USER DATA DASHBOARD:
OPPORTUNITY WISE DATA:
ANNOTATIONS AND EXPLANATION
USER DATA DASHBOARD:
Data visualization: The dashboard uses a variety of charts and graphs to visualize the
data, including bar charts, pie charts, and line graphs. This is a good way to present a
variety of data in a way that is easy to understand.
Data selection: The dashboard allows users to select a specific year from a dropdown
menu. This is a good way to focus on the data that is most relevant to the user.
User information: The dashboard shows some basic information about the user, such as
their gender and the country they are from. This can be helpful for understanding the
context of the data.
OPPORTUNITY WISE DATA:
The dashboard seems to be focused on opportunity data, with sections for the total
number of users, total opportunities, completion rate, most completed opportunities, most
popular opportunities, and top cities in the US.
There is also a section for user gender and top 10 countries.
The layout is fairly simple, with a sidebar for navigation and a main content area.
The data is visualized using a variety of charts and graphs.
FLEXIBILITY AND ITERATIONS
*Embrace low-fidelity: Start with low-fidelity wireframes – simple sketches or diagrams
focusing on layout and information hierarchy. This makes it easier and faster to iterate
and adapt as new information emerges.
*Utilize modular components: Design key elements like buttons, cards, and charts as
independent, reusable components. This allows you to easily swap or rearrange them as
needed without affecting the overall structure.
*Focus on information architecture: Prioritize the organization and flow of information
over visual details. This ensures the core structure remains adaptable even if the visual
design evolves.
*Leverage white space: Leave ample white space on your wireframes. This provides
room for incorporating additional data points or functionalities without feeling cluttered.

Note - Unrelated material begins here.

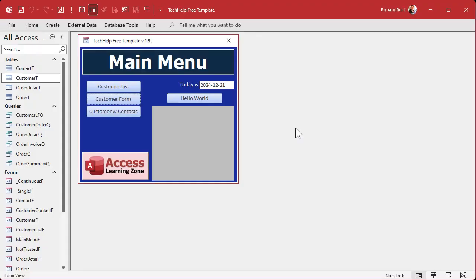If you're like me, you've got a pretty big database. My database is huge — I've been building it for 20 plus years, adding lots of stuff to it: hundreds of forms and reports and modules and stuff. And when I go to open the VBA editor, just the first time, it's super slow.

*Document assumptions and considerations: Clearly document any assumptions you
make or design decisions you take. This transparency helps everyone understand the
rationale behind the wireframe and facilitates smoother future adjustments.
*Use digital wireframing tools: Consider using digital wireframing tools that allow easy
editing and version control. This makes it simple to track changes, revert to previous
iterations, and collaborate with stakeholders.